Sent by Stephanie | 2:57 PM ET | 08-21-2008

julianne moore,

the big lebowski!!!!!!!!!!!!

omg

Sent by bart | 2:57 PM ET | 08-21-2008

Debrah Kerr, "From here to eternity"

Sent by S.Kantor | 2:57 PM ET | 08-21-2008

Kathleen Turner in "Body Heat". Hot and Evil.

You need more time on this subject.

Sent by Steve Obrenovich | 2:59 PM ET | 08-21-2008

Nicole Kidman in 'To Die For'!

Sent by Alex | 2:59 PM ET | 08-21-2008

Re "The Avengers" Diana Rigg: Remember, her character name Emma Peel was chosen for a reason!

Sent by Philip Vater | 4:09 PM ET | 08-21-2008

I think that Dorothy Dandridge who starred in Carmen Jones was the ultimate Femme Fatal.

Sent by Patrice Woodfork | 4:53 PM ET | 08-21-2008

In the piece on TOTN, Mr.

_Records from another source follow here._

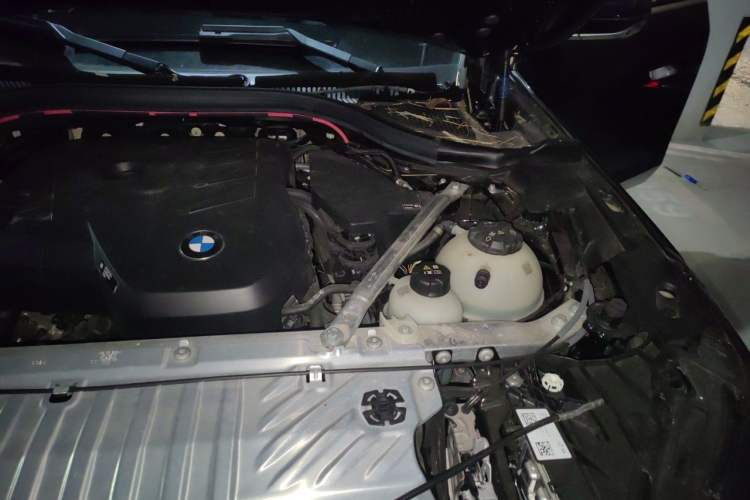 Used BMW X3 2025 xDrive25L Luxury Package Engine Bay Left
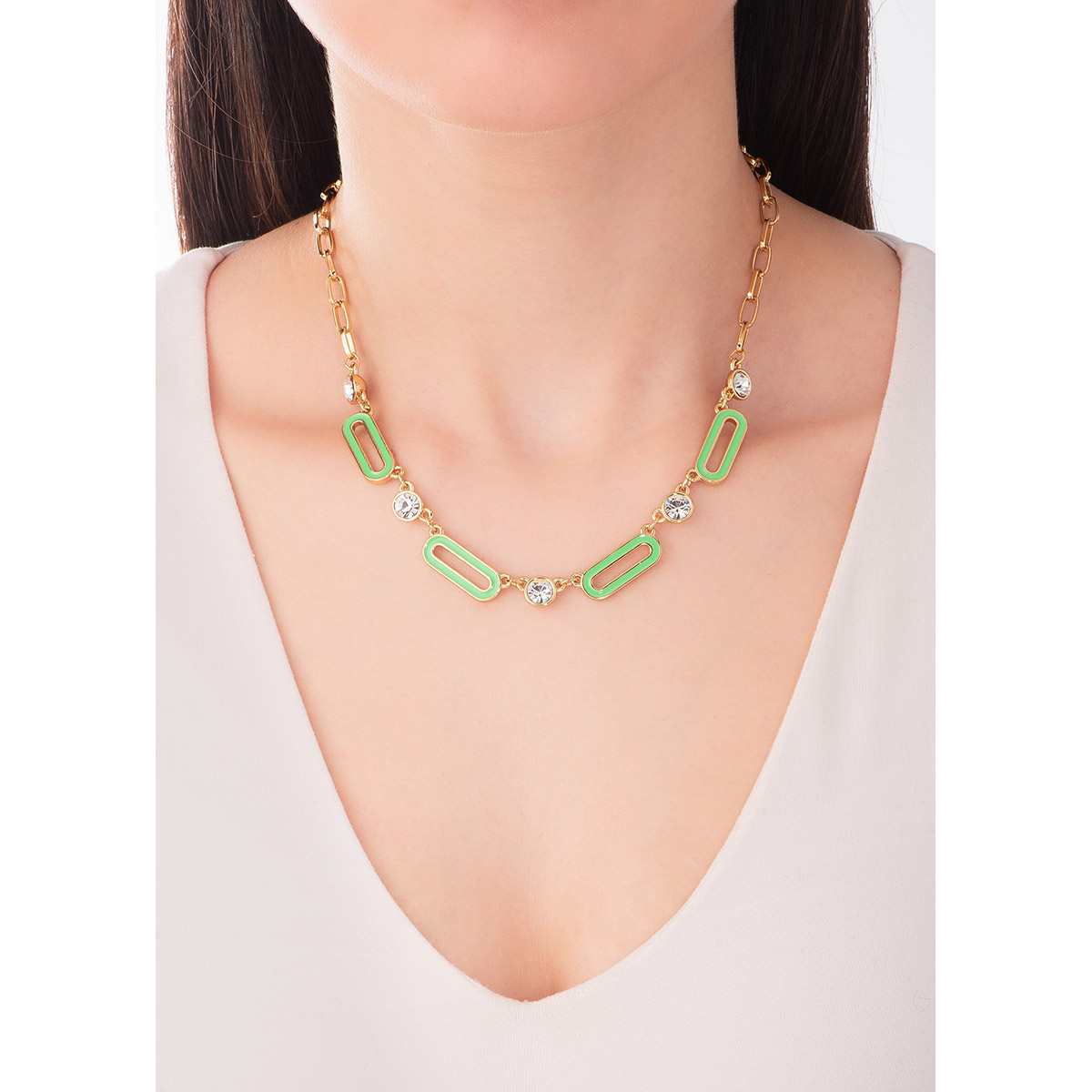 Collar de oro con dijes verde y cristal elegante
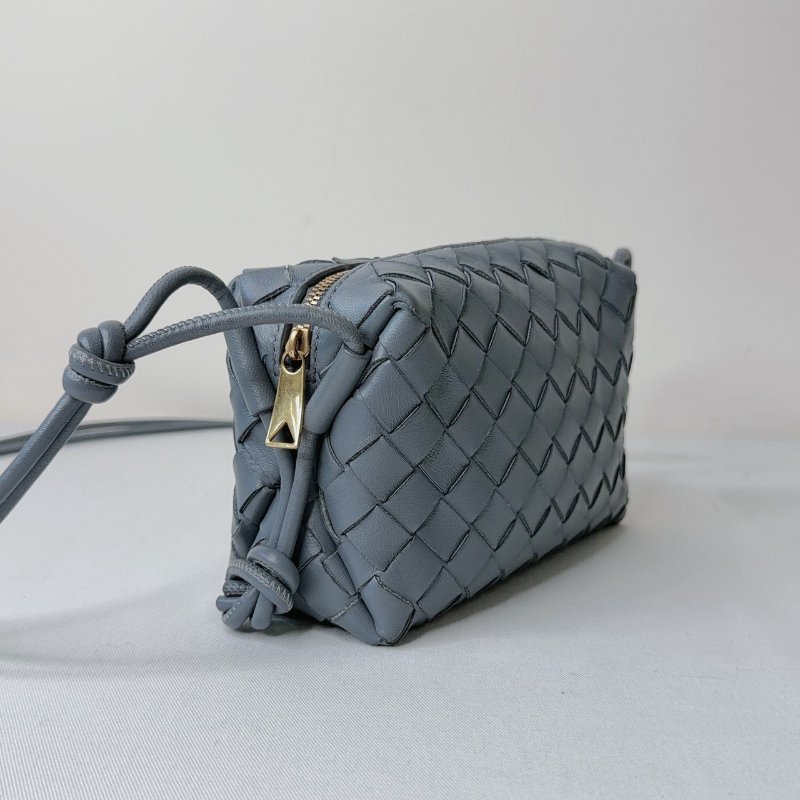 BV Mini Loop灰藍色編織相機包-3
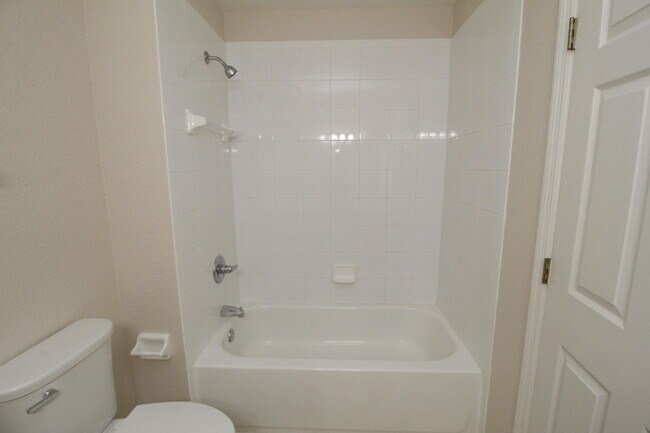 Building Photo - 105 Turpial Way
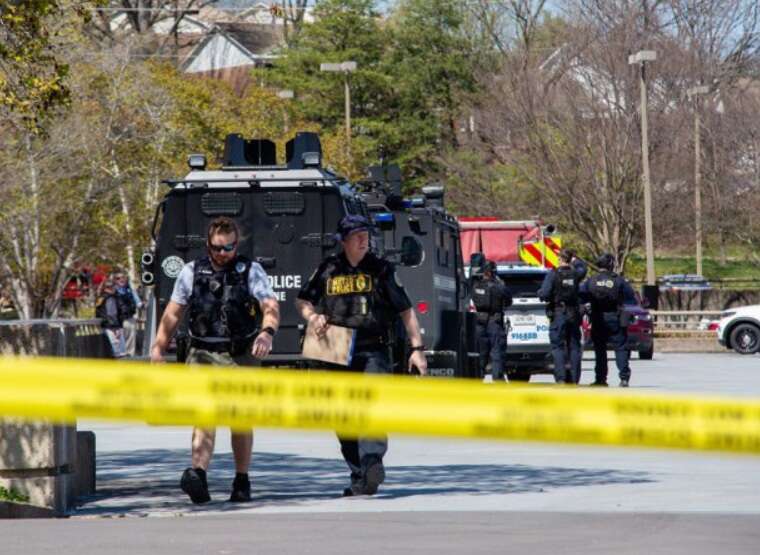 Стрілянина в школі в Колорадо: троє неповнолітніх отримали поранення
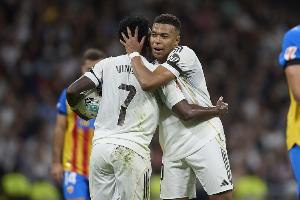 已連續(xù)踢六個客場！TA：皇馬西甲被巴薩反超 因伯納烏辦NFL賽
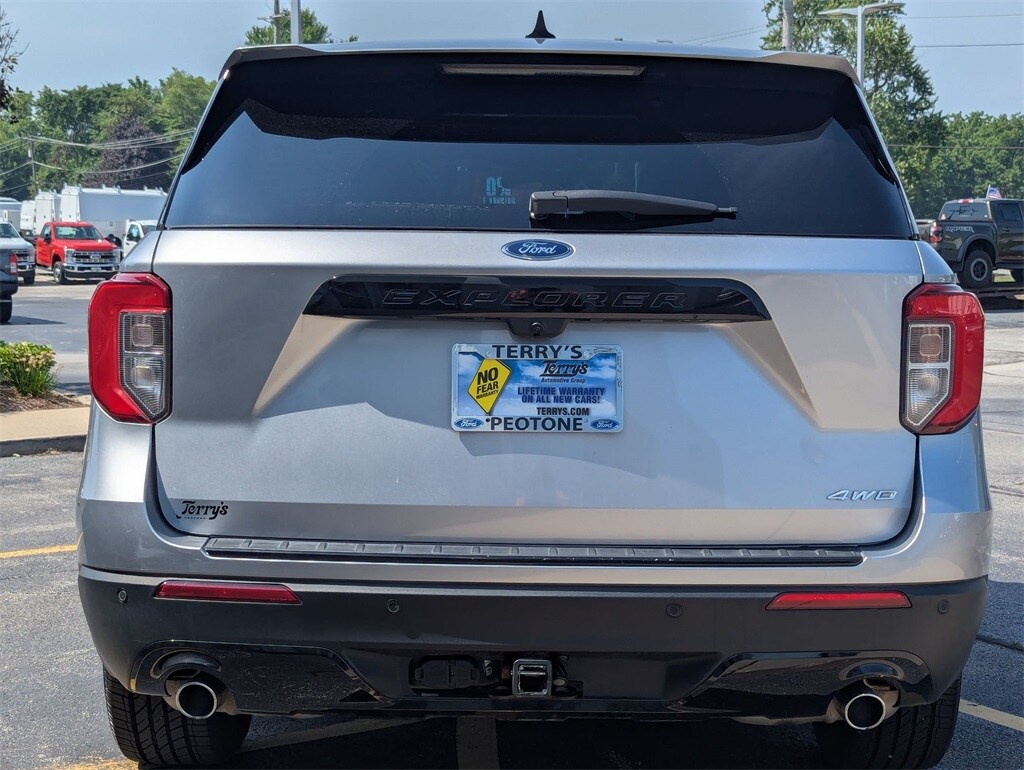 2022 Ford Explorer ST-Line photo 4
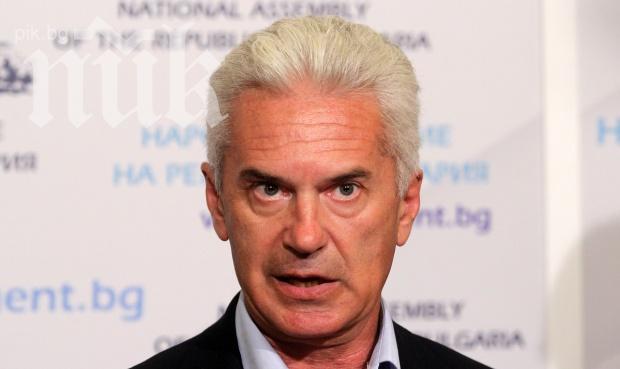 Волен Сидеров осъди Слави Трифонов за 7 бона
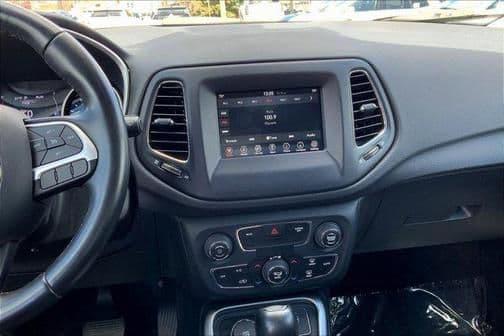 2020 jeep compass latitude in syracuse, new york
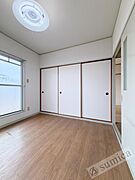 内装は落ち着いています。おおきな窓で明るさを演出。
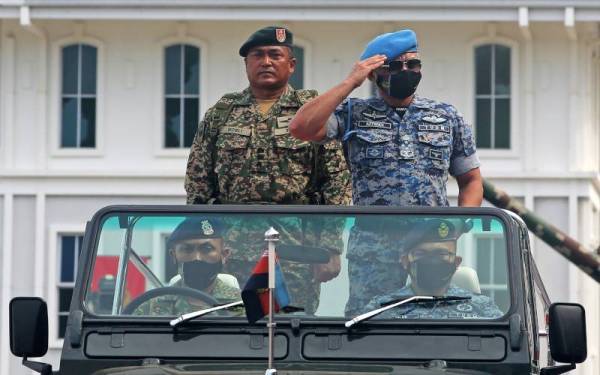 Affendi memberi tabik hormat ketika memeriksa Kawalan Kehormatan Utama pada sambutan Hari Angkatan Tentera Malaysia Ke-88 di Padang Kawad Markas PLDTD Kem Segenting, pada Rabu. - Foto Bernama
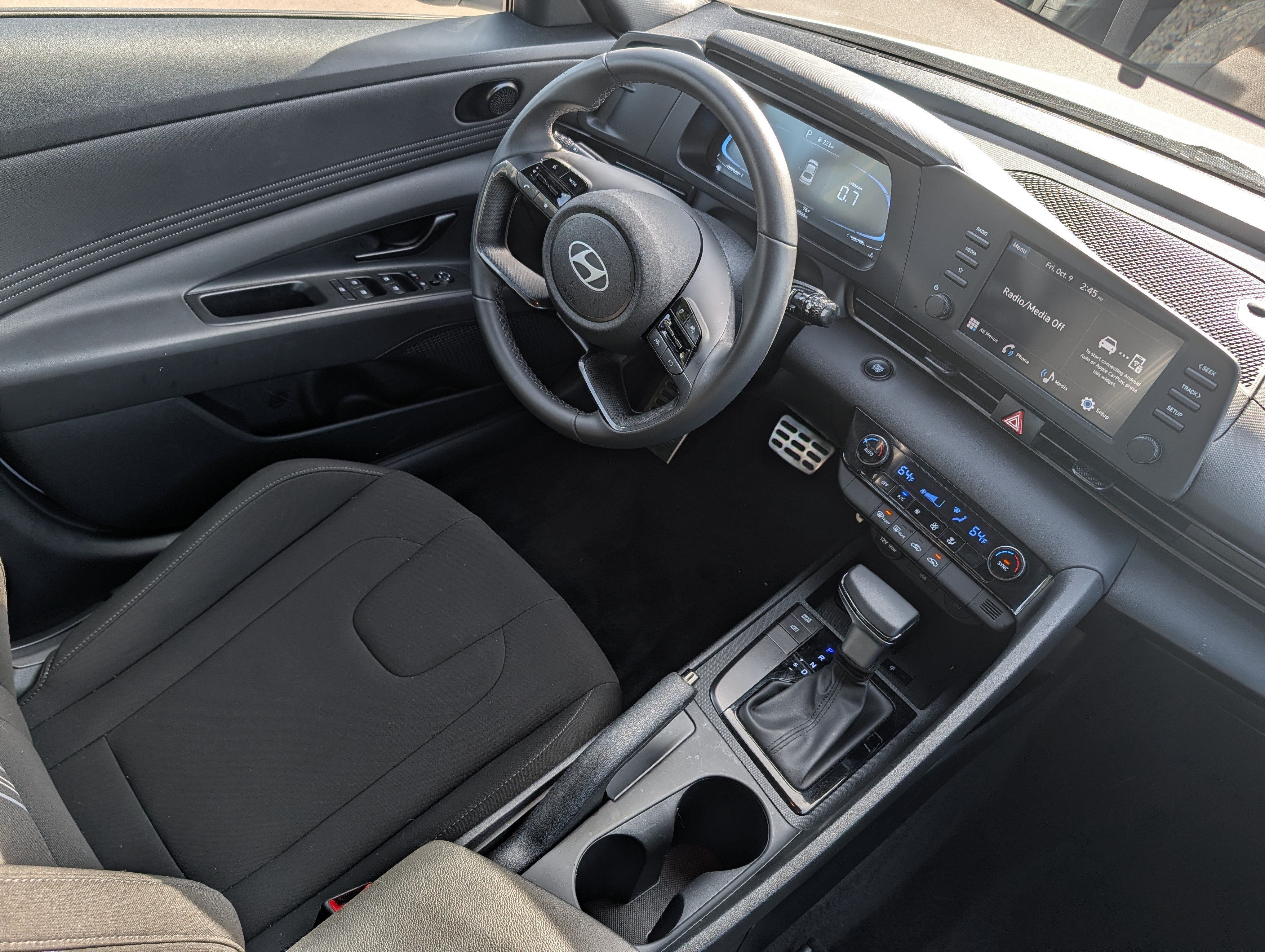 Certified 2025 Hyundai Elantra Sport FWD image 9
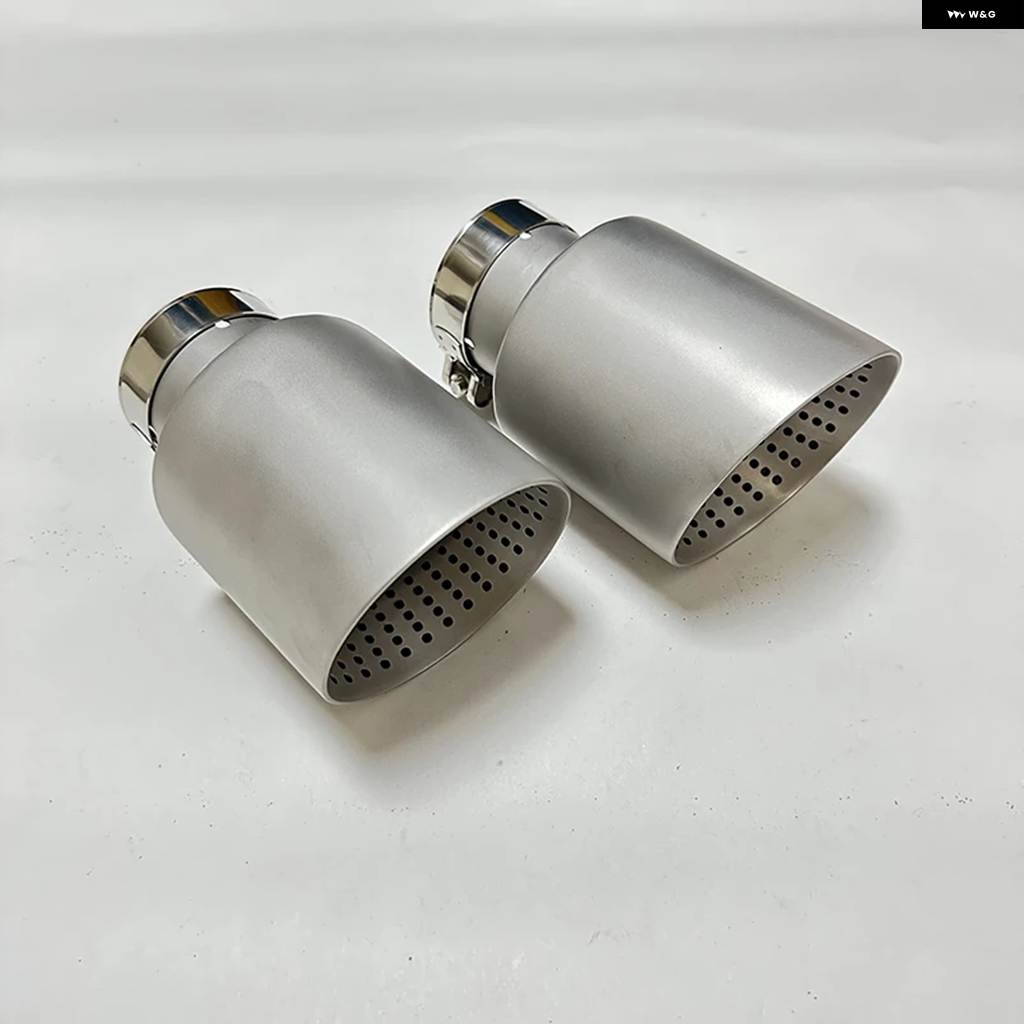 並行輸入品 1個 車用排気ノズル マット 304 車用マフラー システム AK 車用マフラー トリム カスタム パーツ アクセサリーの画像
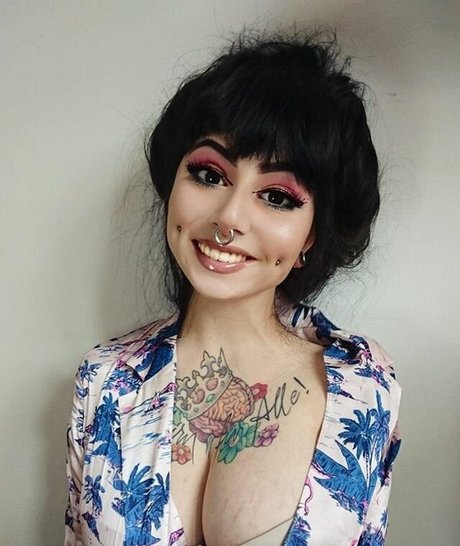 Zainab ポルノモデル アーカイブ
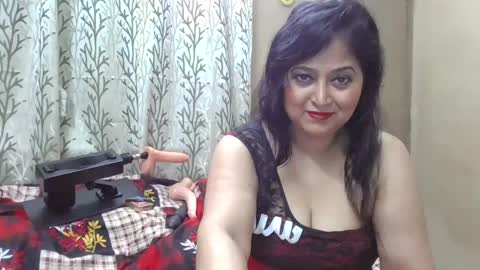 indianreetu online show from January 5, 2025, 7:44 pm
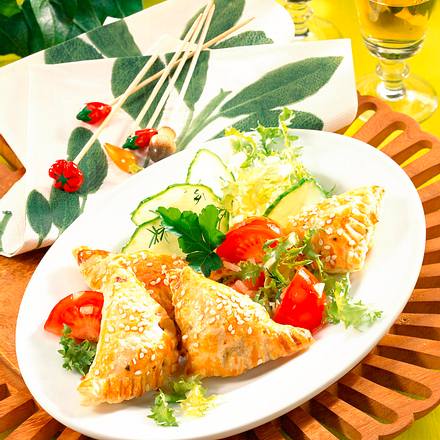 Gefüllte Blätterteig-Ecken Rezept Gefüllte Blätterteig-Ecken Rezept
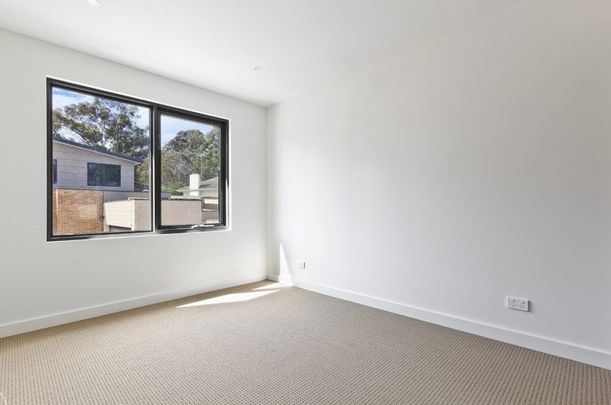 3/12 Raglan Road, Research - Photo 1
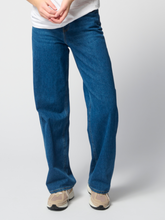 Cargar imagen en el visor de la galería, The Original Performance Loose Jeans - Medium Blue Denim - TeeShoppen - Blue 4
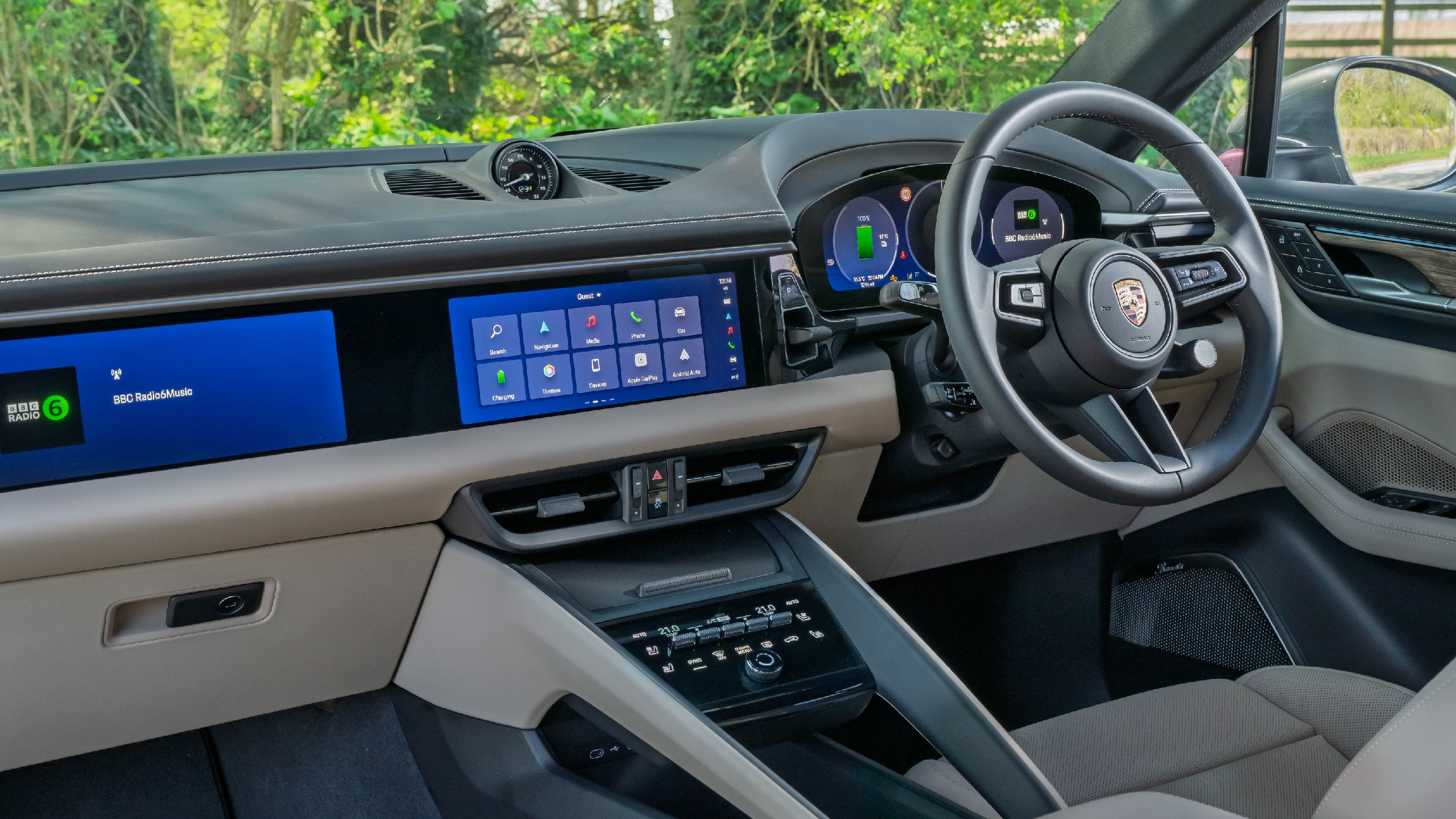 Porsche Macan Electric interior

Horwitz said that Kurosawa made Lady MacBeth and Lear's daughters very sexy in the Japanese films. In fact, in 'Ran', Kurosawa replaced Lear's 3 daghters with 3 sons.

Sent by Randy Johnson | 7:19 PM ET | 08-21-2008

Add my vote for Angela Lansbury. If you define "femme fatale" as being someone who is more than she seems to be, and who can make people do things they would not think to do otherwise, then her character in Manchurian Candidate surely fills the bill. Other movies reinforce this idea. If Manchurian Candidate had not been supressed, I firmly believe that she would have been one of the great stars of her time, instead of being condemned to being remembered as a meddling old biddy who, if she turned up in your village, you could depend on somebody being killed within the first five minutes of the show.

Sent by wuckus | 7:35 PM ET | 08-21-2008

What Barbara Stanwick was to my parents' generation, Kathleen Turner is to mine, I wonder who will fill those pumps for my kids.

Sent by Dave | 1:58 AM ET | 08-22-2008

Species. Need I say more?

Sent by boredatwork | 9:08 AM ET | 08-22-2008

The first on the silver screen to make such an impact in the realm of the femme fatale, Theda Bara - Salome, Cleopatra, Carmine - she made 42 films, only of which 3 survive (including her first "A Fool There Was" which earned her the title of "Vamp")...but the surviving stills attest to the power of her image and passionate delivery.

Sent by Tempest | 10:13 AM ET | 08-22-2008

Murray Horwitz mentioned Jennifer Beals in Devil in a Blue Dress, and referred to her as a "white woman". Jennifer Beals is in fact bi-racial, like Barack Obama. Just wanted to point that out.

Sent by G. Fought | 3:58 PM ET | 08-22-2008

Tuesday Weld in Pretty Poison is perhaps an ing??nue in Pretty Poison and not quite a femme fatal in Play Its as I Lays but she is very close in both movies.

Sent by Ted Michael Morgan | 4:07 PM ET | 08-26-2008

You all missed one of the best film noir femme fatale....Jane Greer in Out of the Past. Absolutely great!